The final section of the GEDCOM file that we will examine is the actual source record:
Family Tree Maker 2009

0 @S00002@ SOUR
	1 TITL Geary, Edward A., A History of Emery County
	1 NOTE
		2 CONC Geary, Edward A..  A History of Emery County:  .  Salt Lake City:
		2 CONC Utah State Historical Society, 1996.

Legacy 7

0 @S4@ SOUR
	1 ABBR History of Emery County
	1 TITL A History of Emery County
	1 AUTH Edward A. Geary
	1 PUBL Salt Lake City: Utah State Historical Society, 1996.
	1 OBJE
		2 FORM jpg
		2 FILE C:\Users\mtucker\Documents\RootsMagic downloads - test\historyofemerycounty-frontcover.jpg
		2 _SCBK Y
		2 _PRIM Y
		2 _TYPE PHOTO
	1 OBJE
		2 FORM jpg
		2 FILE C:\Users\mtucker\Documents\RootsMagic downloads - test\historyofemerycounty-titlepage.jpg
		2 _SCBK Y
		2 _TYPE PHOTO
	1 OBJE
		2 FORM jpg
		2 FILE C:\Users\mtucker\Documents\RootsMagic downloads - test\historyofemerycounty-copyrightpage.jpg
		2 _SCBK Y
		2 _TYPE PHOTO

RootsMagic 4

0 @S1@ SOUR
	1 ABBR History of Emery County
	1 TITL Edward A. Geary, A History of Emery County (Salt Lake City: Utah S
		2 CONC tate Historical Society, 1996), [Page].
	1 _SUBQ Edward A. Geary, A History of Emery County, [Page].
	1 _BIBL Edward A. Geary. A History of Emery County. Salt Lake City: Utah S
		2 CONC tate Historical Society, 1996.
	1 OBJE
		2 FORM jpg
		2 FILE C:\Users\mtucker\Documents\RootsMagic downloads - test\historyofemerycounty-frontcover.jpg
		2 _SCBK Y
		2 _PRIM Y
		2 _TYPE PHOTO
	1 OBJE
		2 FORM jpg
		2 FILE C:\Users\mtucker\Documents\RootsMagic downloads - test\historyofemerycounty-titlepage.jpg
		2 _SCBK Y
		2 _PRIM N
		2 _TYPE PHOTO
	1 OBJE
		2 FORM jpg
		2 FILE C:\Users\mtucker\Documents\RootsMagic downloads - test\historyofemerycounty-copyrightpage.jpg
		2 _SCBK Y
		2 _PRIM N
		2 _TYPE PHOTO
	1 _TMPLT
		2 TID 372
		2 FIELD
			3 NAME Author
			3 VALUE Edward A. Geary
		2 FIELD
			3 NAME Title
			3 VALUE A History of Emery County
		2 FIELD
			3 NAME SubTitle
		2 FIELD
			3 NAME PubPlace
			3 VALUE Salt Lake City
		2 FIELD
			3 NAME Publisher
			3 VALUE Utah State Historical Society
		2 FIELD
			3 NAME PubDate
			3 VALUE 1996

FTM takes a shortcut and using the format specified for source list entry, puts that as the source note. The title (TITL) comes from how FTM automatically named the source when it was created. There are two things to note about the NOTE text: 1) it does not have a way to indicate that the book title should be italicized and 2) there appears to be extra periods and spaces in it.

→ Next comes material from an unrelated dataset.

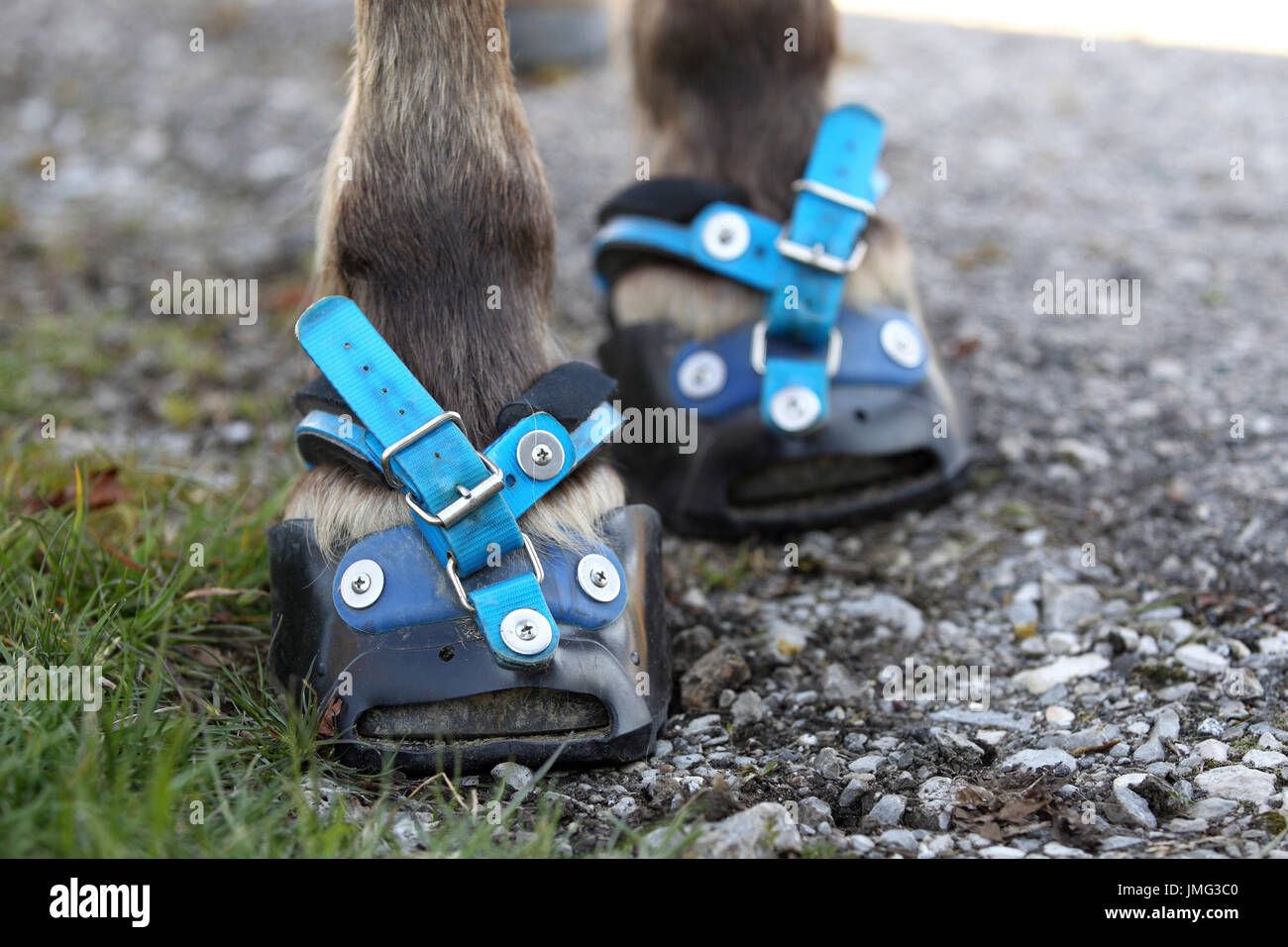 Domestic horse. Hooves with horse boot. Germany Stock Photo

Legacy 7 takes the approach of trying to stuff the EE-style citation into the fewer fields available for the “old-style” citation. There are 6 parts of a source list entry citation for a basic format book:

  1. Author
  2. Main Title
  3. Sub Title
  4. Place of publication
  5. Publisher
  6. Year

Legacy 7 implements the basic book template with the following fields (the last two pertaining to the citation detail):

  1. Author Last Name
  2. Author Given Name(s)
  3. Author Suffix
  4. Title
  5. Short Title
  6. Publisher City
  7. Publisher State
  8. Publisher
  9. Publish Date
  10. Volume Data
  11. Page
  12. Volume

The standard fields available in GEDCOM are:

  1. Title
  2. Author
  3. Publication

So Legacy makes the following matches:

  • GEDCOM Title = Title
  • GEDCOM Author = Author Given Name(s) + Author Last Name + Author
  • GEDCOM Publication = Publisher City + Publisher State + Publisher + Publish Date

Note that there is some formatting according to the source list entry and can be seen in the PUBL tag as it follows the order of fields and contains the colon and comma in the correct location. Also, the abbreviation (ABBR) tag is used to name the source in the master list after it is imported. The rest of the GEDCOM contents from the Legacy 7 file specify the 3 media files associated with the source. Nothing new there.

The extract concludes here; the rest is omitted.